# How to clean cinema display?



## freaky (Mar 19, 2006)

What is the best way to clean both my screen and aluminum part of my cinema display? I've already ruined my Powerbook screen and want to make sure I don't do the same to any part of my monitor. Is it best to just use the cloth that came with it? I've also heard of using fabric softener sheets??


----------



## simbalala (Mar 19, 2006)

I use a paper towel with a few drops of Joy or similar dish soap on it. Squeeze it to make sure the soap is distributed and the towel not dripping wet. Wipe it down then refold the towel and repeat till you don't see more grime on the clean areas of the towel.

Wipe it down afterwards with a damp but not soapy paper towel. 

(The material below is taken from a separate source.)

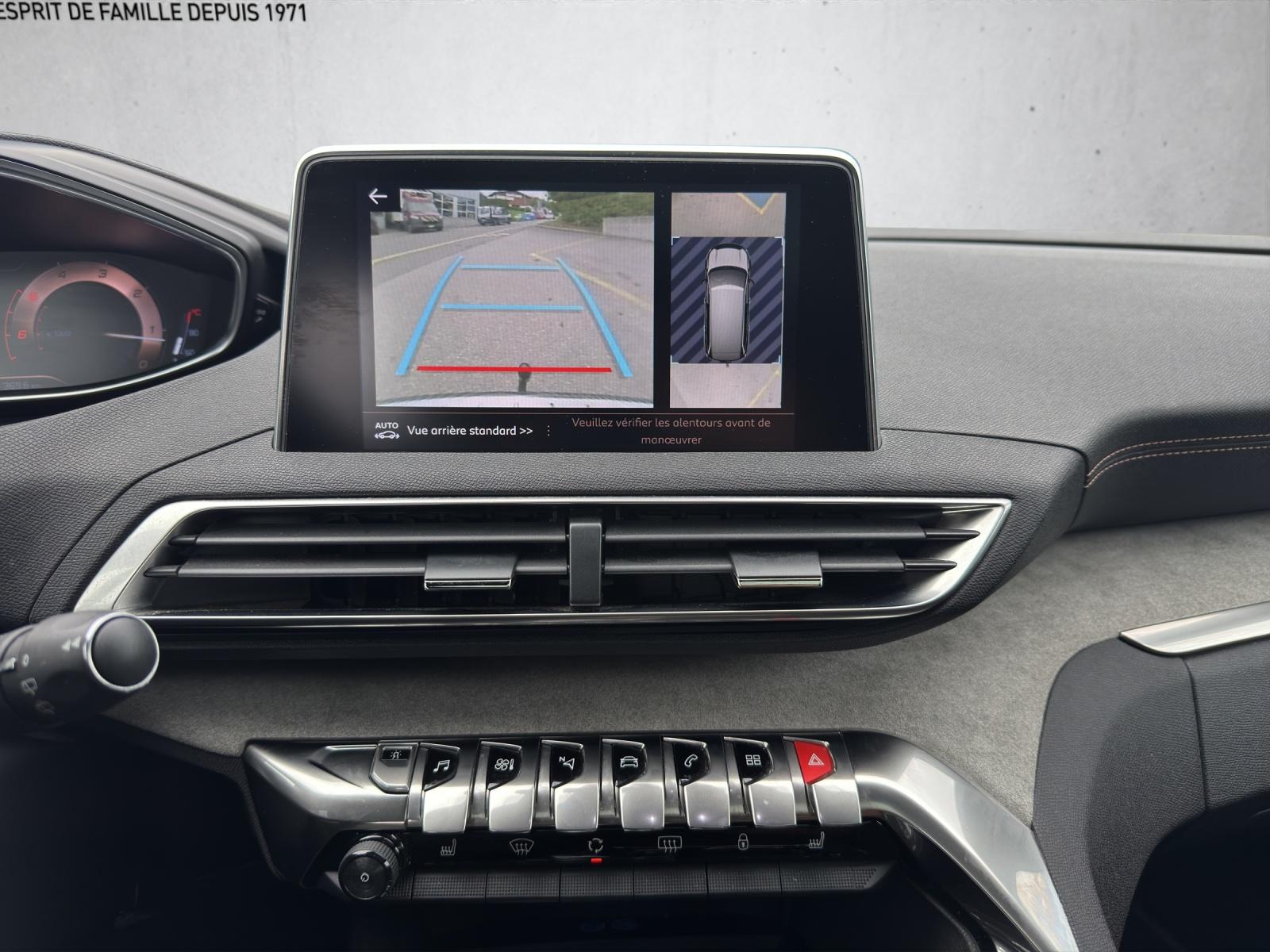 PEUGEOT 5008 2.0 BlueHDi 180 GT-image-14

I've done this for years and the screens have been just fine.


----------



## jh2112 (Mar 19, 2006)

I use screen wipes for both jobs.


----------



## simbalala (Mar 19, 2006)

jh2112 said:
			
		

> I use screen wipes for both jobs.


And the people who make them appreciate your business.


----------



## MisterMe (Mar 19, 2006)

simbalala said:
			
		

> And the people who make them appreciate your business.


And the people who make LCD monitors appreciate yours.


----------



## Lt Major Burns (Mar 19, 2006)

don't use paper towels.  don't use paper towels.  don't use paper towels.

use a soft cloth.  and warm water does the job quite adequately.  a small amount of vinegar sometimes helps as well, but in moderation. (like only on stubborn marks)


----------



## eric2006 (Mar 19, 2006)

Paper towels might be OK on CRT's - thats what you use for cleaning glass. But for LCD's - not a good idea. Make sure to not use so much liquid that it drips down the screen (And possibly soaks into the monitor). I helped someone who spilled coffee on their powerbooks screen, and it messed up the screen pretty good. Be careful, and use common sense, and you'll be fine.


----------



## nixgeek (Mar 19, 2006)

You mean I can't use my tongue to clean my screen??  Darned it!! 

A soft damp cloth should do the trick for any screen.

Now I've always wondered if baby wipes would be safe enough since it's meant to be gentle enough for a baby's skin.  Any thoughts?


----------



## eric2006 (Mar 19, 2006)

Baby wipes? Sounds like it would work, but I don't know if they put chemicals that could harm your screen, or moisturizers in them. That could be bad.


----------